Les cours : méthodes et pratiques

  1. La méthode de la lectio

Au moyen âge, on ‘lisait’ (legere) les auteurs (auctores) bien avant l’époque des universités. Legere veut dire expliquer et commenter tout en lisant. Les termes legere et lectio dans ce sens spécifique se rencontrent depuis le XIe siècle ; dans le contexte universitaire, ils désignent aussi l’activité magistrale et les cours ou leçons qui en sont le résultat.

Hugues de St-Victor, Didascalicon 3, 9 : cette lectio comprend 3 niveaux : la littera ou ‘lettre’, c’est-à-dire l’exposition littérale des mots, des phrases, des constructions, le sensus ou sens immédiat du texte rendu souvent en paraphrase, et la sententia ou signification profonde, l’intention de l’auteur que l’on fait ressortir en interrogeant le texte.

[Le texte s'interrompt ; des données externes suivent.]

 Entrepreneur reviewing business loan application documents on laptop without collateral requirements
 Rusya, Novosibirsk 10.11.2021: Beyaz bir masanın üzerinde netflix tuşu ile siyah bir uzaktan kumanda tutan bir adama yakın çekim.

La méthode de la lectio évolua au cours du temps. Par exemple, Pierre Abélard qui a commenté le Perihermeneias d’Aristote dans la traduction latine faite par Boèce. Abélard a fait deux genres de commentaires sur les livres de logique: des ‘gloses’ littérales, qui restent très près du texte de base, et un commentaire plus élaboré, dans lequel il met les divers traités de logique en rapport les uns avec les autres et où il insère des problèmes (questiones) soulevés par le texte mais développés de façon autonome. Dans une troisième phase, il composa des traités indépendants, notamment sa Dialectica.